GOAL OF THE EXERCISE
Retyping the data exactly is the task. Include every line.

________________________

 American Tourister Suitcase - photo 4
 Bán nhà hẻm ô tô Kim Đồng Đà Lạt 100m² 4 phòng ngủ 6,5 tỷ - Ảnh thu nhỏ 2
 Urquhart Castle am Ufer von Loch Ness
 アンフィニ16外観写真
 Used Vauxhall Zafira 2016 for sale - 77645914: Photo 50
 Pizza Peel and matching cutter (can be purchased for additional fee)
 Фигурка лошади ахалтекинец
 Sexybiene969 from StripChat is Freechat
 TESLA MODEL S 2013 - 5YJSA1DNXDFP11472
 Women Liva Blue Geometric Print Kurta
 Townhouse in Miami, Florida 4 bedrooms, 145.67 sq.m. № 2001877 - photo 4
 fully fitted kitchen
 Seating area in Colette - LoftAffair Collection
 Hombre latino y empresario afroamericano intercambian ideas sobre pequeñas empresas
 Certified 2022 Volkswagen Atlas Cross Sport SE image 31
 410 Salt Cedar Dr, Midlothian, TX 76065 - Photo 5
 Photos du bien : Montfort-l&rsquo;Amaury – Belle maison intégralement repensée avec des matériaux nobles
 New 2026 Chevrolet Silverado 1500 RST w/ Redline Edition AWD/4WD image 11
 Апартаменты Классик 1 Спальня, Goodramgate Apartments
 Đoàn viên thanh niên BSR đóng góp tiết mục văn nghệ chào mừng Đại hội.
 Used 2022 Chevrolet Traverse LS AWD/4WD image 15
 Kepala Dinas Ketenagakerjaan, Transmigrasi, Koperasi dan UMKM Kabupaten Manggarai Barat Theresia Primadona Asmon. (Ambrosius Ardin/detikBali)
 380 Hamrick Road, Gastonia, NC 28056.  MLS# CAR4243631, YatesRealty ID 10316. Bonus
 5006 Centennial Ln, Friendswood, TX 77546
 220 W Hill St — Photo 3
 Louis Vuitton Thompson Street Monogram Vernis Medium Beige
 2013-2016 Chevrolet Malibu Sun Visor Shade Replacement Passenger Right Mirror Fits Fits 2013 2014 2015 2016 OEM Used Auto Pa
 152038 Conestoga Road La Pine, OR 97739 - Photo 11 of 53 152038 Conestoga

________________________

RESULT OF THIS EXERCISE
 American Tourister Suitcase - photo 4
 Bán nhà hẻm ô tô Kim Đồng Đà Lạt 100m² 4 phòng ngủ 6,5 tỷ - Ảnh thu nhỏ 2
 Urquhart Castle am Ufer von Loch Ness
 アンフィニ16外観写真
 Used Vauxhall Zafira 2016 for sale - 77645914: Photo 50
 Pizza Peel and matching cutter (can be purchased for additional fee)
 Фигурка лошади ахалтекинец
 Sexybiene969 from StripChat is Freechat
 TESLA MODEL S 2013 - 5YJSA1DNXDFP11472
 Women Liva Blue Geometric Print Kurta
 Townhouse in Miami, Florida 4 bedrooms, 145.67 sq.m. № 2001877 - photo 4
 fully fitted kitchen
 Seating area in Colette - LoftAffair Collection
 Hombre latino y empresario afroamericano intercambian ideas sobre pequeñas empresas
 Certified 2022 Volkswagen Atlas Cross Sport SE image 31
 410 Salt Cedar Dr, Midlothian, TX 76065 - Photo 5
 Photos du bien : Montfort-l&rsquo;Amaury – Belle maison intégralement repensée avec des matériaux nobles
 New 2026 Chevrolet Silverado 1500 RST w/ Redline Edition AWD/4WD image 11
 Апартаменты Классик 1 Спальня, Goodramgate Apartments
 Đoàn viên thanh niên BSR đóng góp tiết mục văn nghệ chào mừng Đại hội.
 Used 2022 Chevrolet Traverse LS AWD/4WD image 15
 Kepala Dinas Ketenagakerjaan, Transmigrasi, Koperasi dan UMKM Kabupaten Manggarai Barat Theresia Primadona Asmon. (Ambrosius Ardin/detikBali)
 380 Hamrick Road, Gastonia, NC 28056.  MLS# CAR4243631, YatesRealty ID 10316. Bonus
 5006 Centennial Ln, Friendswood, TX 77546
 220 W Hill St — Photo 3
 Louis Vuitton Thompson Street Monogram Vernis Medium Beige
 2013-2016 Chevrolet Malibu Sun Visor Shade Replacement Passenger Right Mirror Fits Fits 2013 2014 2015 2016 OEM Used Auto Pa
 152038 Conestoga Road La Pine, OR 97739 - Photo 11 of 53 152038 Conestoga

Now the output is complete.